Referring now to the drawings wherein like reference numerals refer to like and corresponding parts throughout the several views, the apparatus disclosed therein to illustrate preferred embodiments of the invention comprise a block 10, a case 11, and an inter-connecting support 12.

The block 10, FIG. 1, has a displacement chamber 20, an inlet orifice 21 leading from supply, and an inlet channel 22 leading to the chamber 20. A valve 23 has a needle 24 for opening and closing the channel 22. A piston 25 operates the needle 24. An air pressure connector 26 supplies pressure to move the piston 25 and needle 24 off the channel 22 to open it and an air pressure connector 27 furnishes pressure to move the piston 25 and needle 24 against the channel 22 to close it.
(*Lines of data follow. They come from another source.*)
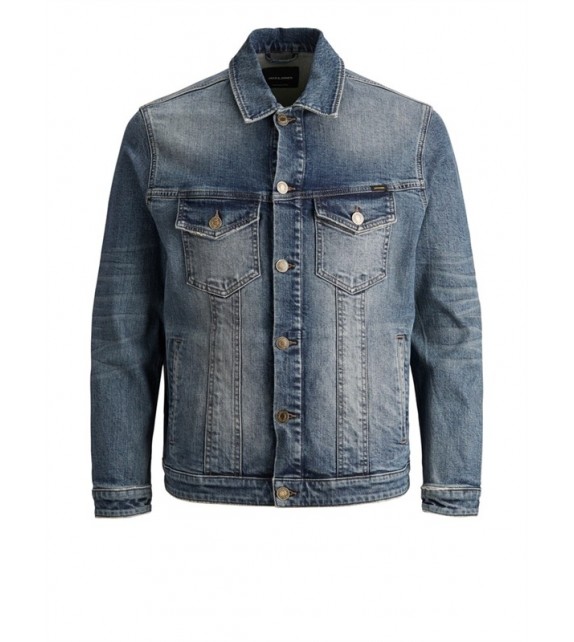 grote maten jeansvest - Stone washed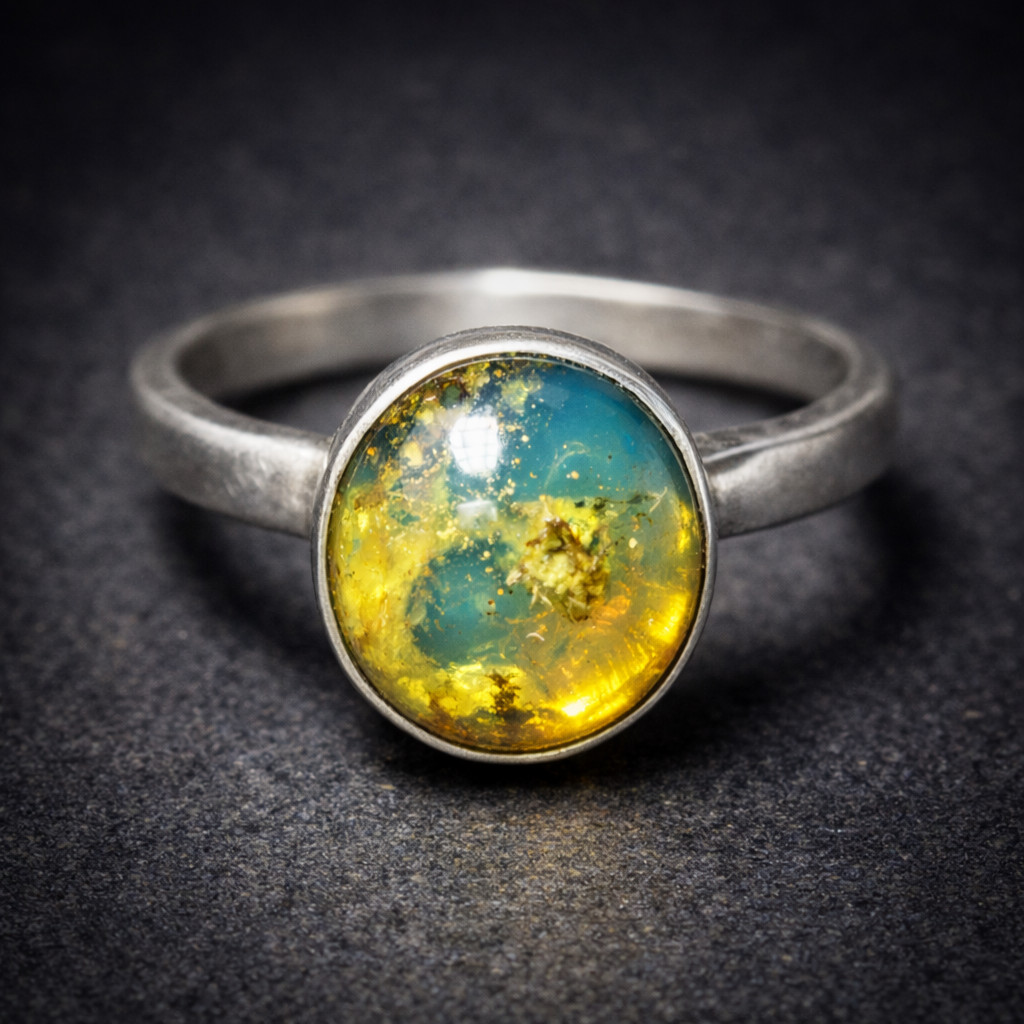 Lovely Natural Clear Light Blue Amber 925 Sterling Silver Ring #5.5  free resize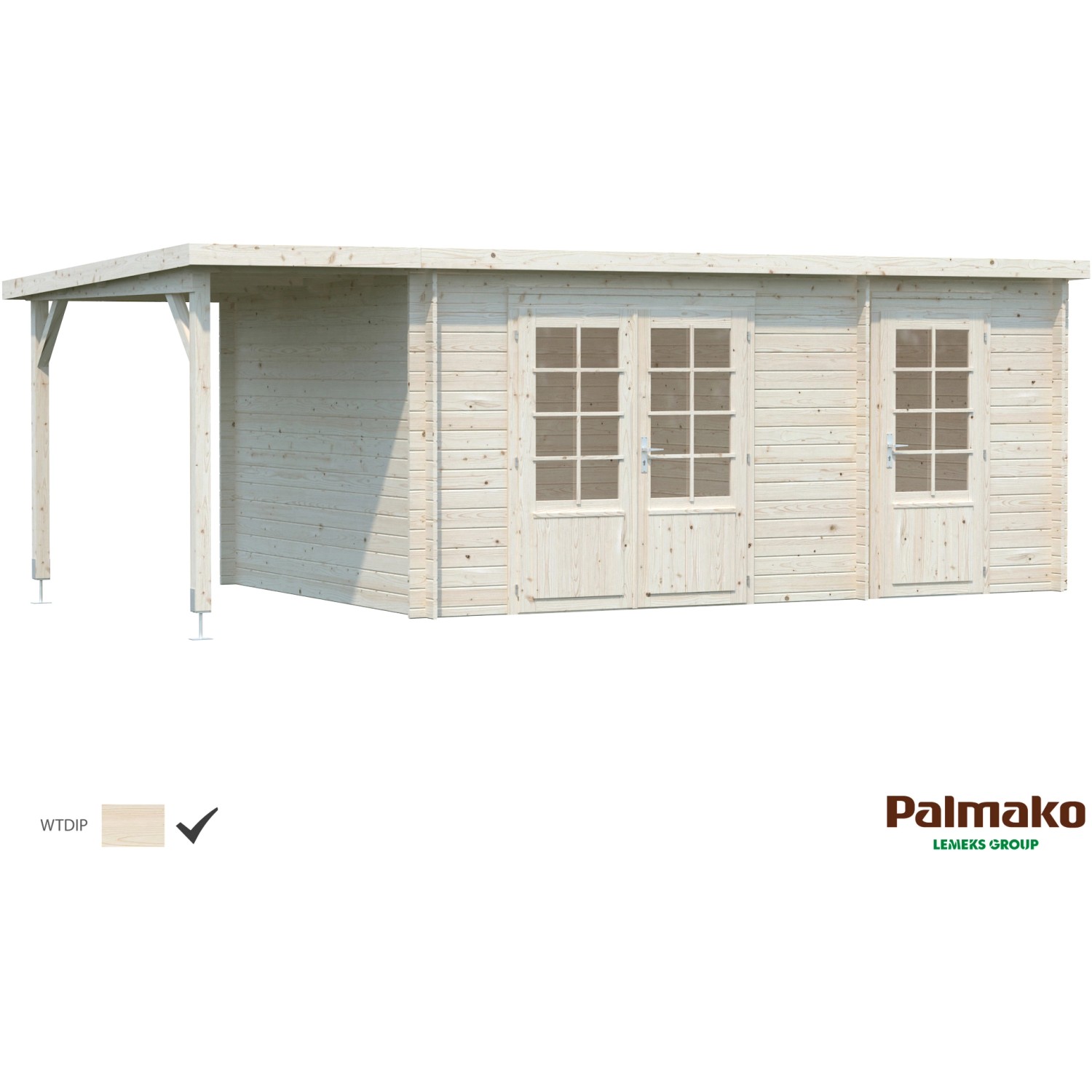 Palmako Ella Holz-Gartenhaus/Gerätehaus Klar Pultdach Tauchgrundiert 610 cm x 300 cm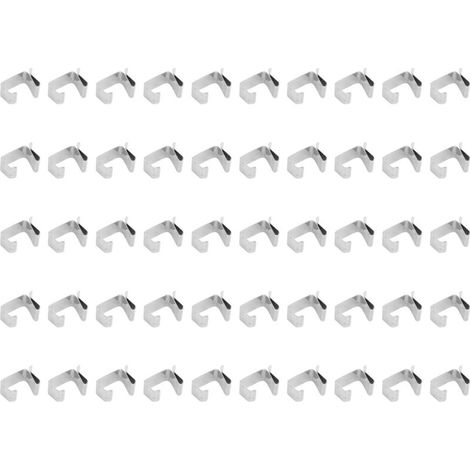 50 Edelstahl-Dachrinnenhaken für Lichterketten, 50er-Packung, Abmessungen 20 x 14 mm (1/5)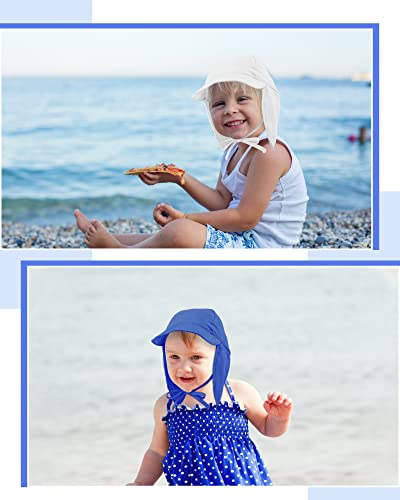 Jiuguva 4 Piece Sun Hat For Baby Boy Girl Adjustable Summer Sun Protection Swim Cap Infant Toddle Newborn Hat With Neck Flap (Stylish Colors) #TOP4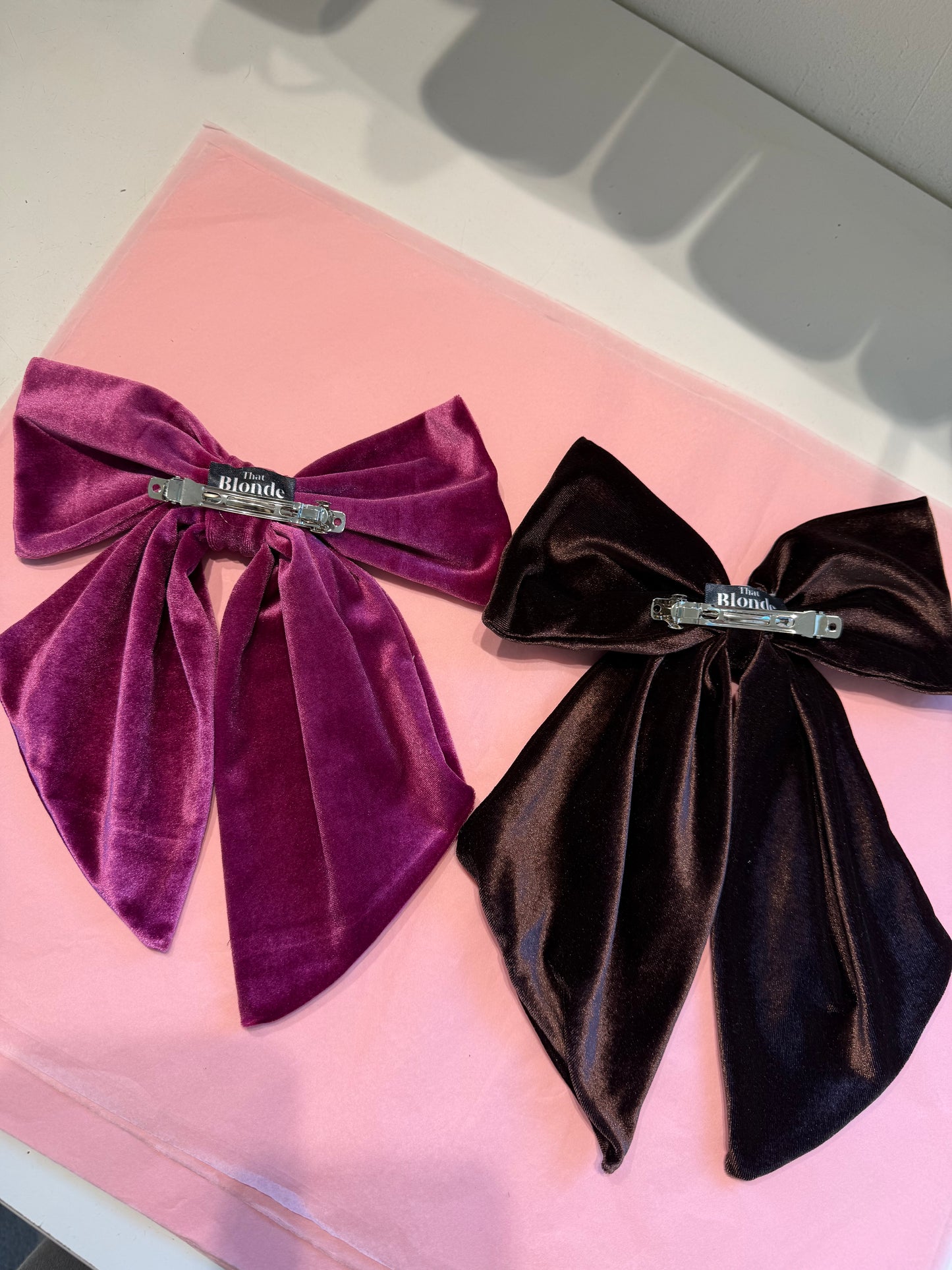 Velvet hair bows in Magenta pink & chocolate SAMPLE
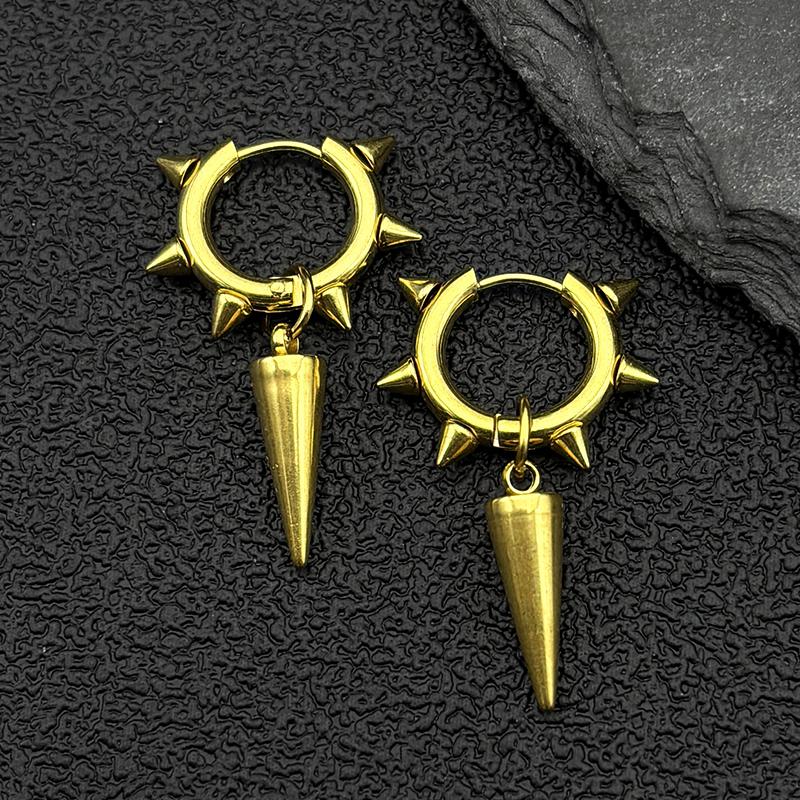 Punk Spike Rivet Hoop Earrings For Women Men Ear Studs Stainless Steel Gothic Hip Hop European and American Earring Jewelry Gift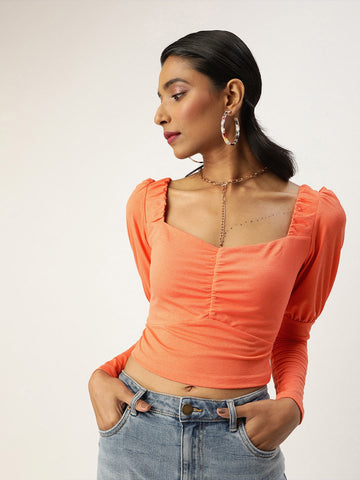 Peach Puff Full Sleeve Top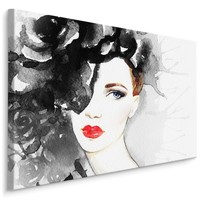 Schilderij - Vrouw in Aquarel (print op canvas), multi-gekleurd, 4 maten, premium print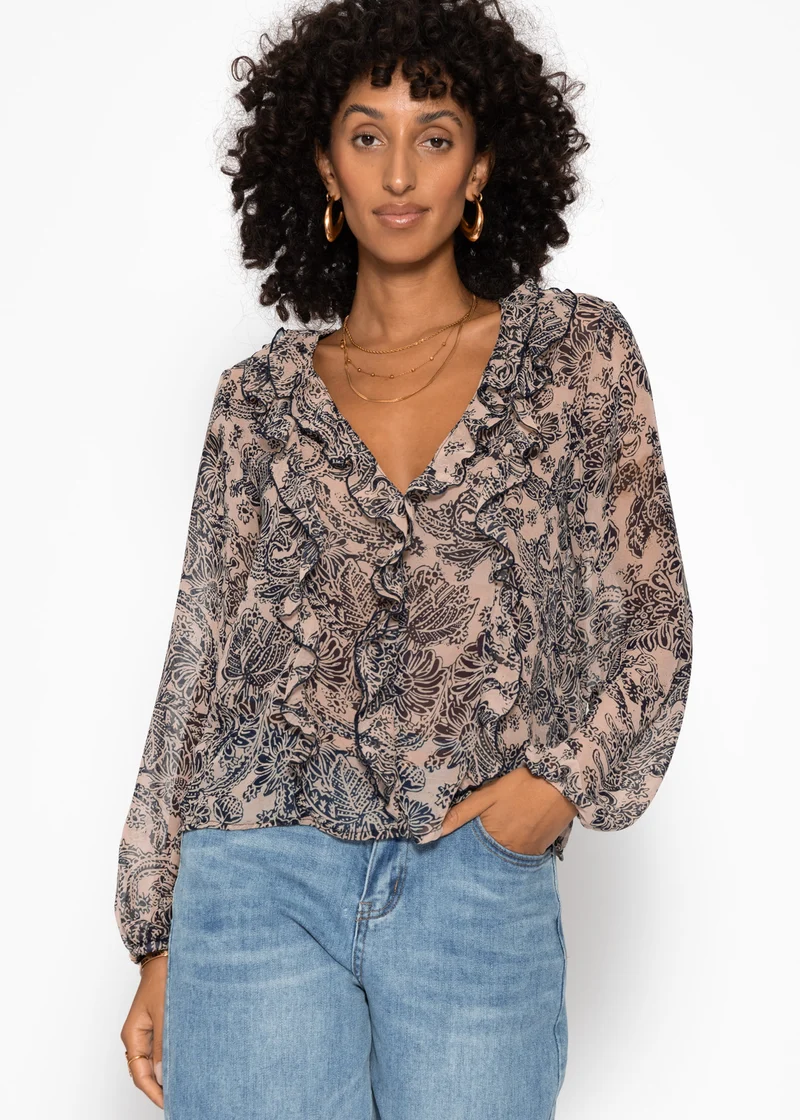 Leichte Bluse mit Rüschen - beige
The block 10 also has an outlet channel 29 and outlet orifice 30 leading to use, a needle 31 for opening and closing the channel 29, a piston 32 on the needle 31 for moving the needle 31 against and away from the channel 29, an air pressure connector 33 for moving the piston 32 in, and an air pressure connector for moving the piston 32 out as in the case of the valve 23.

The case 11, FIGS. 1 and 2, has a cylinder 40, a piston 41, and a piston displacement rod 42 extending from the piston 41 to the displacement chamber 20 in the block 10. A cap 43 surmounts that case 11. An adjustment screw 44 is threaded in the cap 43. The screw 44 abuts the piston 41 and limits the up or evacuating suction-stroke of the rod 42 as desired to provide variable extension into and thus variable displacement in the displacement chamber 20 of the block 10.

An air pressure socket 45 and a relatively small orifice 46 supply air pressure to the top of the piston 41 to move the rod into the chamber 20 and an air pressure socket 47 and a relatively small orifice 48 supply air pressure to the bottom of the piston 41 to move the rod 42 out of the chamber 20.

A relatively large cross-channel 50 extends from the air socket 47 to either side of the case 11. Likewise a relatively large cross-channel 51 extends from the air socket 45 to either side of the case 11. An air tube 52 extends from one end of the cross-channel 51 to the connector 27 on control valve 23 to move the needle 24 in to close the supply channel 22. An air tube 53 extends from the other end of the cross-channel 51 to the connector 34 on control valve 28 to move the needle 31 out to open channel 29 to use. Thus when the piston 41 is powered to move the rod 42 into the displacement chamber 20, the inlet channel 22 is closed preventing escape of material and the outlet channel 29 is open allowing emission of material to use. It is to be noted that the larger channel 51 and tubes 52 and 53 supply air pressure more quickly to the valves 23 and 28 whereas the smaller orifice 46 supplies air pressure more slowly to the displacement piston 41. This insures that the needles 24 and 31 are moved to their respective dispensing positions before the displacement piston 41 and rod 42 are moved to displace the material in the chamber 20 to use.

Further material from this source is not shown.